- _Action item_
In the material below, the lines containing the word "Home" are required; copy each of them.

- _Task input_

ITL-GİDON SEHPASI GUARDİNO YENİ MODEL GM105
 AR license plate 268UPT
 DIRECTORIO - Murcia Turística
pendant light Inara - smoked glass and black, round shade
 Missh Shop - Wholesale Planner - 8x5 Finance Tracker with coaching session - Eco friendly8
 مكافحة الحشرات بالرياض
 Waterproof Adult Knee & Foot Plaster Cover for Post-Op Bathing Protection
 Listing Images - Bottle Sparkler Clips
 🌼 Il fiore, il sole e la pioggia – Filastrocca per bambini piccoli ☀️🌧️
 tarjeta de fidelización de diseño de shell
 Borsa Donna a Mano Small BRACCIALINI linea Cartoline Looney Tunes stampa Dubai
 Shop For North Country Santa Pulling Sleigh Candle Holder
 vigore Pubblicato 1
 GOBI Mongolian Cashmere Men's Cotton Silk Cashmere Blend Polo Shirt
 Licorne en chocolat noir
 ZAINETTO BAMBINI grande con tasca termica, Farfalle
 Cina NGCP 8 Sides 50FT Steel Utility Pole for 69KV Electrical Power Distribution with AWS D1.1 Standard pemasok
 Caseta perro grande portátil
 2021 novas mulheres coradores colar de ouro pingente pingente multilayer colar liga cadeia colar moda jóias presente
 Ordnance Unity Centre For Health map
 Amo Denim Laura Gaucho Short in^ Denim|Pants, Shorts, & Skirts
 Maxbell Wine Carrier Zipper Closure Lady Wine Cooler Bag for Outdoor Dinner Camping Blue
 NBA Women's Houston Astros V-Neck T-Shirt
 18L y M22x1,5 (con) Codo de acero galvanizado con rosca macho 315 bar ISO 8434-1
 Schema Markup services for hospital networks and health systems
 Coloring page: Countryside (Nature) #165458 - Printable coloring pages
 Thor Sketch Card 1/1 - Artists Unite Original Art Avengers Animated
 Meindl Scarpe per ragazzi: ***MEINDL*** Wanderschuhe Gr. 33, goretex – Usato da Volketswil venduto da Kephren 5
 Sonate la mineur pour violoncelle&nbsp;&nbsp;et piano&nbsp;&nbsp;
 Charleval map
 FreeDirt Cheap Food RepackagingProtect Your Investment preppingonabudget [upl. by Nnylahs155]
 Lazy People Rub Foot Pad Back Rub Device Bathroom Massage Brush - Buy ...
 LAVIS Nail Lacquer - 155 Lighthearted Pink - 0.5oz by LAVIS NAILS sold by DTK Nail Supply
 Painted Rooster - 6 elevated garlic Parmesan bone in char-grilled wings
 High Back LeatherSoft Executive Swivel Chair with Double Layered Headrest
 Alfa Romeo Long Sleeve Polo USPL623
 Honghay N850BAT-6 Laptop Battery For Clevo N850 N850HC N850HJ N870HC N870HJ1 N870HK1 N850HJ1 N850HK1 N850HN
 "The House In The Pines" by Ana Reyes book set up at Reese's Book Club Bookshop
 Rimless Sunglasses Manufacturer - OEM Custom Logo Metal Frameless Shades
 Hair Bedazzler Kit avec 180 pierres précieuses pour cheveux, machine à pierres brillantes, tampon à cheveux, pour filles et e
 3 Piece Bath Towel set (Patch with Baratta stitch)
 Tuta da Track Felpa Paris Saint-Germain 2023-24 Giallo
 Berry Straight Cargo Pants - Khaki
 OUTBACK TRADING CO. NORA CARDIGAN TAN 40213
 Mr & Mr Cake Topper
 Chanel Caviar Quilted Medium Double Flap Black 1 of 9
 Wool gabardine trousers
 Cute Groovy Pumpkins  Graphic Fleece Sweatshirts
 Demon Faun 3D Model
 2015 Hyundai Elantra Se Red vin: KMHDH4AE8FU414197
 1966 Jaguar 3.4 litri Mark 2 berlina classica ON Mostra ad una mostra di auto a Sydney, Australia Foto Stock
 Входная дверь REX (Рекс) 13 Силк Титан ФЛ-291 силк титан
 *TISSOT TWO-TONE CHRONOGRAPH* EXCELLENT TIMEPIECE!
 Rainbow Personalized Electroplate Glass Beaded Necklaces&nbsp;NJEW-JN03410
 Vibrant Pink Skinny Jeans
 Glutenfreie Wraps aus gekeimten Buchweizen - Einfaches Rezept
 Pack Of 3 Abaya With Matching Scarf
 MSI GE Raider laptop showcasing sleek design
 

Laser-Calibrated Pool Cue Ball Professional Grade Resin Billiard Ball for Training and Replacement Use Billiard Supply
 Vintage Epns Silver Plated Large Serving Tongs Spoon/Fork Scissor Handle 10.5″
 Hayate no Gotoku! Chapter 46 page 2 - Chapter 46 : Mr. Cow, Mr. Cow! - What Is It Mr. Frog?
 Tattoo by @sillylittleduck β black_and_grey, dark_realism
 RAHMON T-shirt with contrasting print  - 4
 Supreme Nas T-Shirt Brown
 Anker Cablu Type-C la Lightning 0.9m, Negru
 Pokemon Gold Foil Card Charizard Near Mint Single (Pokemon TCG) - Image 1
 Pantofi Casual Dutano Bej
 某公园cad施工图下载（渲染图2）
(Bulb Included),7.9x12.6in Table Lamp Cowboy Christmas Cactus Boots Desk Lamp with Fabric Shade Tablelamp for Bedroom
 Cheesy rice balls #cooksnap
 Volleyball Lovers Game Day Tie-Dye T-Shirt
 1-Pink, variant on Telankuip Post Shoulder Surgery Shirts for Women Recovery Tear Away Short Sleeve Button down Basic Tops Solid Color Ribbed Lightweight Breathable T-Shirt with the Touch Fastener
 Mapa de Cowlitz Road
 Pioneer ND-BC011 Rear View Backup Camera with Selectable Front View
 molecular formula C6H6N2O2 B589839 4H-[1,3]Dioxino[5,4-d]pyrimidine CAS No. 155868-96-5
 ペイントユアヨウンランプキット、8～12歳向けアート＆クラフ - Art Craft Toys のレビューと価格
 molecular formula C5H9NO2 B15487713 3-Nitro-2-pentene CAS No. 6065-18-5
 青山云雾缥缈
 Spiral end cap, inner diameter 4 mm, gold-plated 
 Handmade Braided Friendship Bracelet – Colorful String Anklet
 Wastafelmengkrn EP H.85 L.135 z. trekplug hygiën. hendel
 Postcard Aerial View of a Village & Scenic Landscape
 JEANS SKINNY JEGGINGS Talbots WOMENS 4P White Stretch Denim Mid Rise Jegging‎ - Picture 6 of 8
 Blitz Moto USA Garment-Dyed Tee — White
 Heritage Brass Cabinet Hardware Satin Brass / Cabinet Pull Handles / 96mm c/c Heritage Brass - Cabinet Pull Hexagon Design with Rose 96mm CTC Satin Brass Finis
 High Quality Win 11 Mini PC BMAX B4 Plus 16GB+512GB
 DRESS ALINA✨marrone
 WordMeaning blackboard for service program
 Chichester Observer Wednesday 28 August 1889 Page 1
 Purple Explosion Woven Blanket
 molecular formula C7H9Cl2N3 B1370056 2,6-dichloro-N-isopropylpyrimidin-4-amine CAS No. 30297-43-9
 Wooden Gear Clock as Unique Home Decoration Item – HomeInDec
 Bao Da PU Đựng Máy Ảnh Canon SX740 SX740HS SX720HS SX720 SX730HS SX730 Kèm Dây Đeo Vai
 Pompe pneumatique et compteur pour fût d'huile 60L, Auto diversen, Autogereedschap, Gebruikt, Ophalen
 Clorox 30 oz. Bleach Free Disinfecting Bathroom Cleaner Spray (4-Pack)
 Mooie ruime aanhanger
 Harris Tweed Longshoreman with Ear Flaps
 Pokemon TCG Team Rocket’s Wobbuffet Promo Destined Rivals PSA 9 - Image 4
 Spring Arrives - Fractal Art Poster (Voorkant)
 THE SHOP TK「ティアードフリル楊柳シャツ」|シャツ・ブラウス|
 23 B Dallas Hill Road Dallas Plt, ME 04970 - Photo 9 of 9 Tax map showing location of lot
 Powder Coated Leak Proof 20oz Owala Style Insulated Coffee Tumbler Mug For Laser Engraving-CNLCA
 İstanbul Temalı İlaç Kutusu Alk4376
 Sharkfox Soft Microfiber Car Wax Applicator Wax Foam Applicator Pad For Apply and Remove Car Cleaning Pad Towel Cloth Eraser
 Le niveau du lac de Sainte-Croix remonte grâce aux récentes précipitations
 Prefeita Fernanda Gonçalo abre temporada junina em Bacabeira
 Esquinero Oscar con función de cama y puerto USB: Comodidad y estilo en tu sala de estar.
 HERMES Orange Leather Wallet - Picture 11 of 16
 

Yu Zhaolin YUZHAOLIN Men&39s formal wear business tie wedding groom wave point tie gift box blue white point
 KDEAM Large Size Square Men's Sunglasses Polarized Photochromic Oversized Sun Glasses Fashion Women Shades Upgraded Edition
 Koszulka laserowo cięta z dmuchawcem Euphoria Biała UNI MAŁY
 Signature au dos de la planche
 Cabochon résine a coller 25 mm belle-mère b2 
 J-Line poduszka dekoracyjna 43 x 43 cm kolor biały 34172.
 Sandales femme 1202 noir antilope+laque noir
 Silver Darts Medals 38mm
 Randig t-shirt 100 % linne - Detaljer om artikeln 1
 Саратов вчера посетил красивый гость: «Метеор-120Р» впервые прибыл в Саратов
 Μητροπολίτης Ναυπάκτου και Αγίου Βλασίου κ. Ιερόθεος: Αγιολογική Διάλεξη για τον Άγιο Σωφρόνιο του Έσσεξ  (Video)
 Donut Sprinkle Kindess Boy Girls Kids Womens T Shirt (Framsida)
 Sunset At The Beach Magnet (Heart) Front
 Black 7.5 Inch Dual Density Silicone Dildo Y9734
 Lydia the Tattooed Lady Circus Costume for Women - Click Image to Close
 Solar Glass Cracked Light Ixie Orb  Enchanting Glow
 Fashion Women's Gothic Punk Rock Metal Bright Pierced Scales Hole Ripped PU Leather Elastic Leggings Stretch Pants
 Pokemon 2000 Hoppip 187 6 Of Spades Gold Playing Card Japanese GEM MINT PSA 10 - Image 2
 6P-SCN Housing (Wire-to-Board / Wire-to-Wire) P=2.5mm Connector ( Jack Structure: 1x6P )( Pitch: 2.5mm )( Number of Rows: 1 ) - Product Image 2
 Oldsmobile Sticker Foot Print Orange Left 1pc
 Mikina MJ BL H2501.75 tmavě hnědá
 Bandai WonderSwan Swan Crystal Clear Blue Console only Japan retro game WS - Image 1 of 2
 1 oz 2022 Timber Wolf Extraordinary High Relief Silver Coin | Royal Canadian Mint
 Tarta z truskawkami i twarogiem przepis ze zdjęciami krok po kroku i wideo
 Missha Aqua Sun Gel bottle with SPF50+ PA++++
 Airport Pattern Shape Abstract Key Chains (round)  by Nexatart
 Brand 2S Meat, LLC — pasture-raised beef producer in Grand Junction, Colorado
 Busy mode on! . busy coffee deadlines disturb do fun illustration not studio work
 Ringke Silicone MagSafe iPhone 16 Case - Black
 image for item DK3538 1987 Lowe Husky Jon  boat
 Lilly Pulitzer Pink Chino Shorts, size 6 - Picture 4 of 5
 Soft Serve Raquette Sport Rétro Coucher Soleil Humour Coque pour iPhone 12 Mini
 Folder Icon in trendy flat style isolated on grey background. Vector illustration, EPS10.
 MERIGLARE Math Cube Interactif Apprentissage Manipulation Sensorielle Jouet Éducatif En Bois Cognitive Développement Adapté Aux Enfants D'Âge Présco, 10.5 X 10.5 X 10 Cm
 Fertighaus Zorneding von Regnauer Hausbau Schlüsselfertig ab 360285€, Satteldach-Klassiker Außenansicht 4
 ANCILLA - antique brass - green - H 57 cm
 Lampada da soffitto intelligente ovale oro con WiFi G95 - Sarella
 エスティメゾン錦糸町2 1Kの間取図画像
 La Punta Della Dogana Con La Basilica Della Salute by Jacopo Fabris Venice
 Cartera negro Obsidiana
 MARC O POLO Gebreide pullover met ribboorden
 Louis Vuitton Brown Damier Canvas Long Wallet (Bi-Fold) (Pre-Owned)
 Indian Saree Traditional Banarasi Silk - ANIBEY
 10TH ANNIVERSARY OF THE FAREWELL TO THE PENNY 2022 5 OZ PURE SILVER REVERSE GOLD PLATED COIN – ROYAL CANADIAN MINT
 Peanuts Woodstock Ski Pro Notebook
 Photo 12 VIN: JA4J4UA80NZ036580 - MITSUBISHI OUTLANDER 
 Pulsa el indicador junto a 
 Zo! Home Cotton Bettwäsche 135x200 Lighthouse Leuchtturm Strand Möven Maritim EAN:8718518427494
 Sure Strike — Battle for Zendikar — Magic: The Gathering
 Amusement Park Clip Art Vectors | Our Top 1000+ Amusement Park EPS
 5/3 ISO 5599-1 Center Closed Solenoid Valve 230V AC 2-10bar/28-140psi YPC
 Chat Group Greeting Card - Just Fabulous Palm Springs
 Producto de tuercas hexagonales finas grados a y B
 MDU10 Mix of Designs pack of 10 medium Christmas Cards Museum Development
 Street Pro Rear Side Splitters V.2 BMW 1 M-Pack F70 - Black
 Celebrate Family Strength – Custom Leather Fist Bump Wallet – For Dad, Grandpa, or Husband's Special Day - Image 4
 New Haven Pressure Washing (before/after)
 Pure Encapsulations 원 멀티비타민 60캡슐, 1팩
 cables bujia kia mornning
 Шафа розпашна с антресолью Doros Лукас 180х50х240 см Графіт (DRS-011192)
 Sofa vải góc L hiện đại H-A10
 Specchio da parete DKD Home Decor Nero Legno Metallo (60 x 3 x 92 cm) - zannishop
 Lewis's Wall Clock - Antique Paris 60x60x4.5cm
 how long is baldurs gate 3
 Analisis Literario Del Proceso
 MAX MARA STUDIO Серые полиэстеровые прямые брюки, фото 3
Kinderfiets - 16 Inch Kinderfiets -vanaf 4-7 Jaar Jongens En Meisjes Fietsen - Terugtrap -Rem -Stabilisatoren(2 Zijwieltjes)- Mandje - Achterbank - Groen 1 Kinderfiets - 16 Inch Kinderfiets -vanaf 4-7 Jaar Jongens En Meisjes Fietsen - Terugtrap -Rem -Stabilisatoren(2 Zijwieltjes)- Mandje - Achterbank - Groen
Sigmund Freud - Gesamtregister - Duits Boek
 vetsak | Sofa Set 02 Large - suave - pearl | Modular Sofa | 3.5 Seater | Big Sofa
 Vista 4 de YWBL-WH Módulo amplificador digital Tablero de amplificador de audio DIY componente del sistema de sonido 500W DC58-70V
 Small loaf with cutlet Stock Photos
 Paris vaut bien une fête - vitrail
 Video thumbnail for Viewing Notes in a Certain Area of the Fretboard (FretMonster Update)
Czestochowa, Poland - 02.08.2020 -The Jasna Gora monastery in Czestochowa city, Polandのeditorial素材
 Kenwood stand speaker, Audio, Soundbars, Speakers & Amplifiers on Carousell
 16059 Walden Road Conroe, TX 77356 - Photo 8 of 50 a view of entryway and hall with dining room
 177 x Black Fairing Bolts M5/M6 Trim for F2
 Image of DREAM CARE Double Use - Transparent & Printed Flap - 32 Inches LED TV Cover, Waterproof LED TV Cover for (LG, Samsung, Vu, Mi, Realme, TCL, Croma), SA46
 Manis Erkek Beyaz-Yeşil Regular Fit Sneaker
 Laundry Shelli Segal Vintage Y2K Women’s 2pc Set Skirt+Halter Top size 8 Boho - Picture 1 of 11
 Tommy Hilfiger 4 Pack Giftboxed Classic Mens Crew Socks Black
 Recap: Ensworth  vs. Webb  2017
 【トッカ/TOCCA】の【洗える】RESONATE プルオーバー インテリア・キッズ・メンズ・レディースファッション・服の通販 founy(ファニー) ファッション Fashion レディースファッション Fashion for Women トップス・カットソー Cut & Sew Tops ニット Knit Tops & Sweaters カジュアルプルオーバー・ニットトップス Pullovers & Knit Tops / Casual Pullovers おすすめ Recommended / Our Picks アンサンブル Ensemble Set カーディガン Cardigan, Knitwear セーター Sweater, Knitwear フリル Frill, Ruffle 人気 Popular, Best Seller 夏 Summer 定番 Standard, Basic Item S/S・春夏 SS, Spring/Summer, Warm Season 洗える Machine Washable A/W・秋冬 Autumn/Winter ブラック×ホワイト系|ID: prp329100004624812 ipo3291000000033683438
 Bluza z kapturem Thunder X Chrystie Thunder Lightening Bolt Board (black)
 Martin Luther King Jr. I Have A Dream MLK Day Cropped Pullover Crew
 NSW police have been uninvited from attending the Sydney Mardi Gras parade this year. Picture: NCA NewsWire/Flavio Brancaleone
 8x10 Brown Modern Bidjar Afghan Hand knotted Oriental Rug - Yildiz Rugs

- _Result_
 Wooden Gear Clock as Unique Home Decoration Item – HomeInDec
 Zo! Home Cotton Bettwäsche 135x200 Lighthouse Leuchtturm Strand Möven Maritim EAN:8718518427494
 Specchio da parete DKD Home Decor Nero Legno Metallo (60 x 3 x 92 cm) - zannishop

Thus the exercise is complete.